The task →
Print only what runs from the line that includes "CTEK MXT 4.0" to the end of the listing, word for word, and do not include any pictures.

The data →
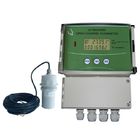 IP67 Wall Mounted Portable Ultrasonic Water Meter for Sewage Plants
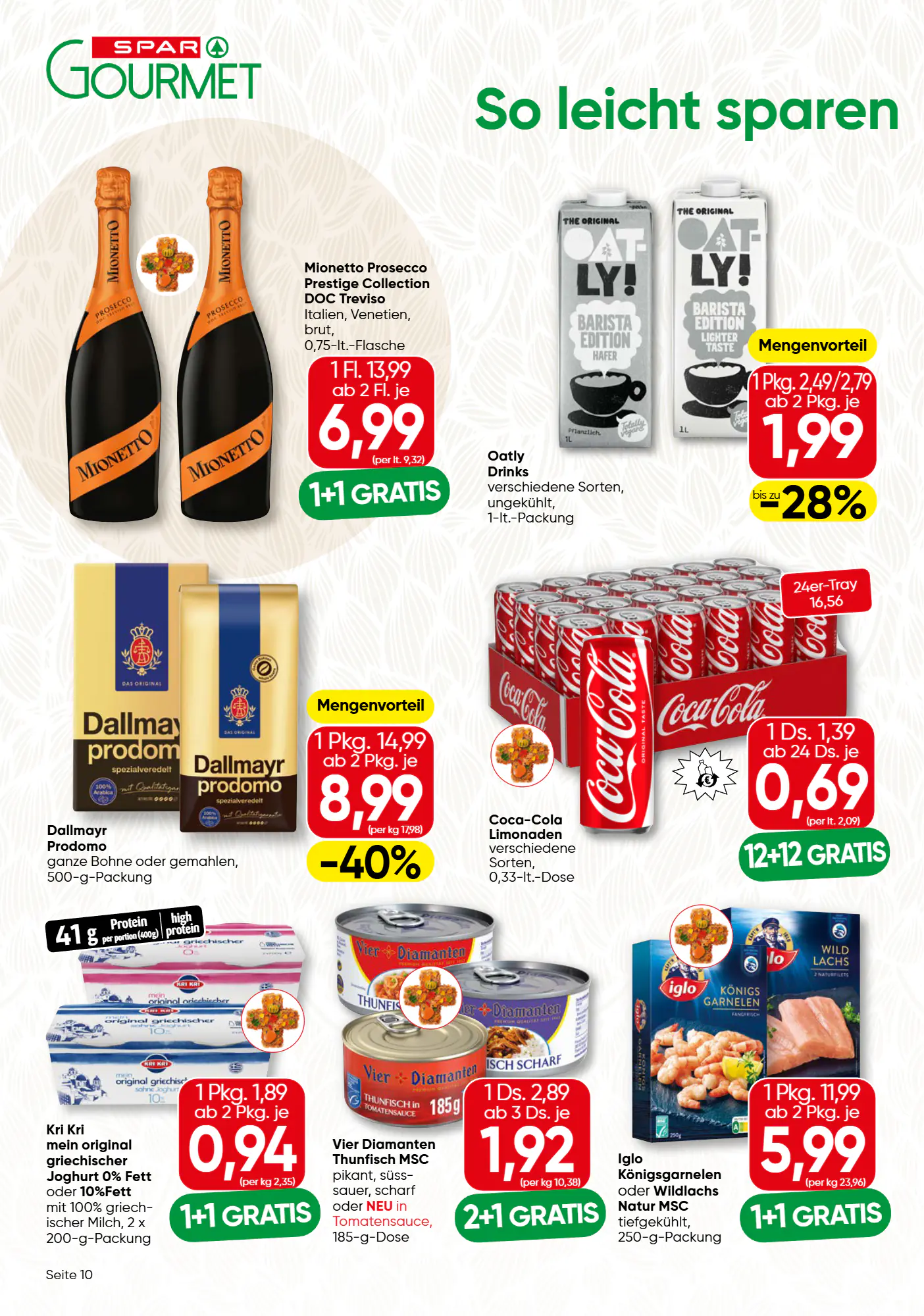 SPAR Gourmet Flugblatt (ab 22.10.2026) - Angebote und Prospekt - Seite 10
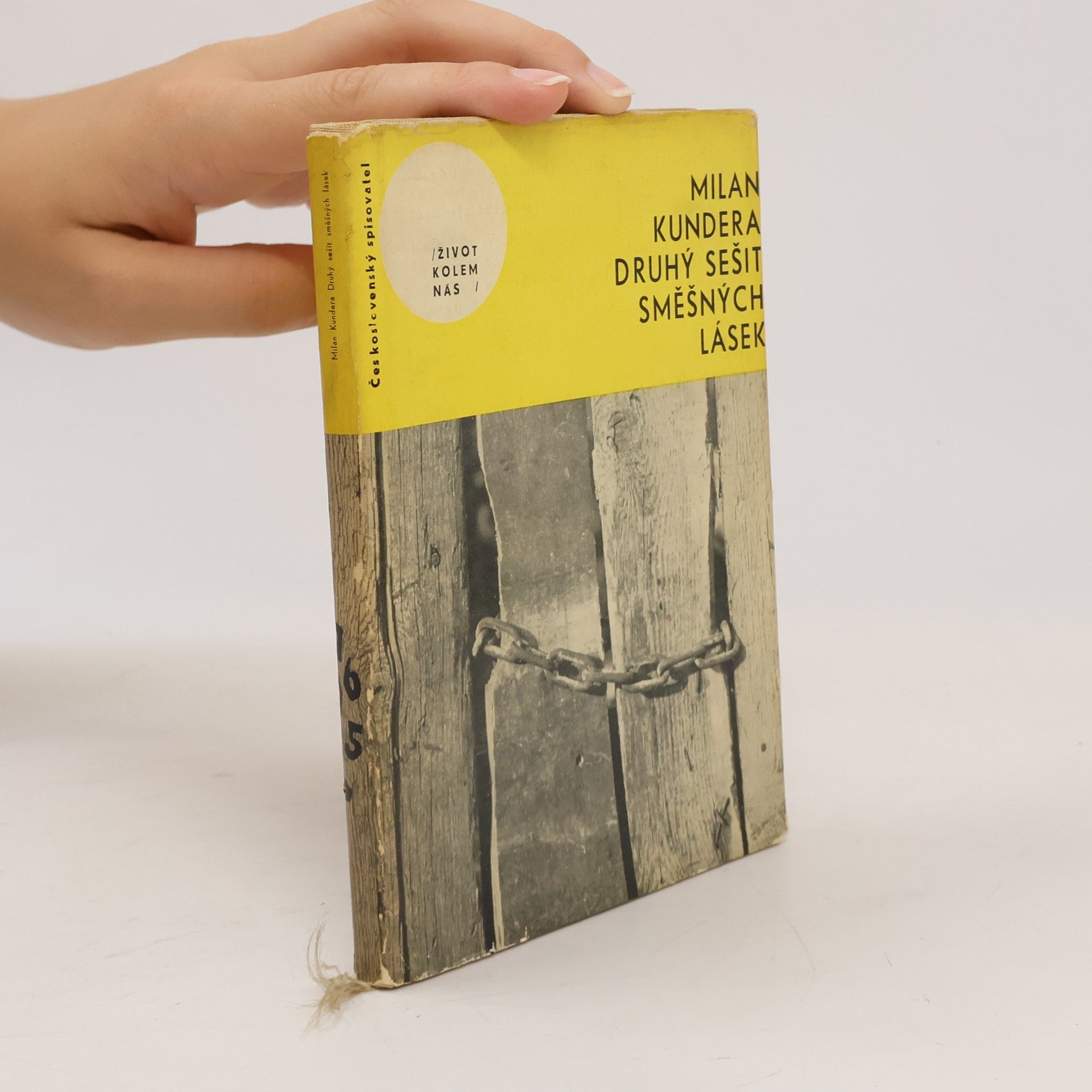 Milan Kundera Druhý sešit směšných lásek
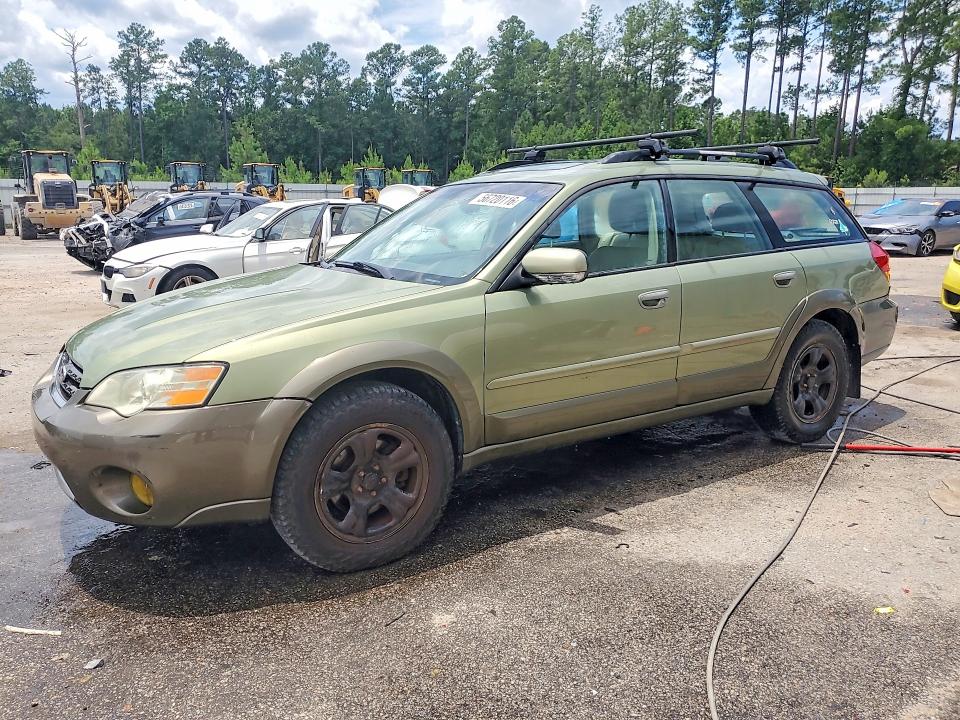 Продаж на аукціоні авто 2006 Subaru Outback, vin: 4S4BP86C064353680, номер лоту: 56720116
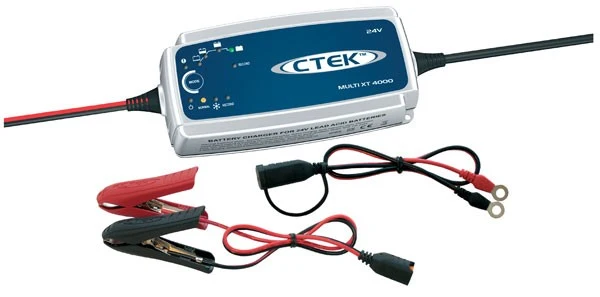 CTEK MXT 4.0 (vormals MULTI XT 4000) Blei Ladegerät für verschlossene Batterien 24V 4A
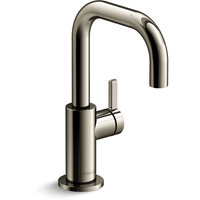  Components Beverage Faucet Kitchen Faucet - Vibrant Polished Nickel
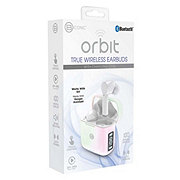 Biconic Orbit True Wireless Earbuds - Iridescent White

Output of the exercise →
 CTEK MXT 4.0 (vormals MULTI XT 4000) Blei Ladegerät für verschlossene Batterien 24V 4A
  Components Beverage Faucet Kitchen Faucet - Vibrant Polished Nickel
 Biconic Orbit True Wireless Earbuds - Iridescent White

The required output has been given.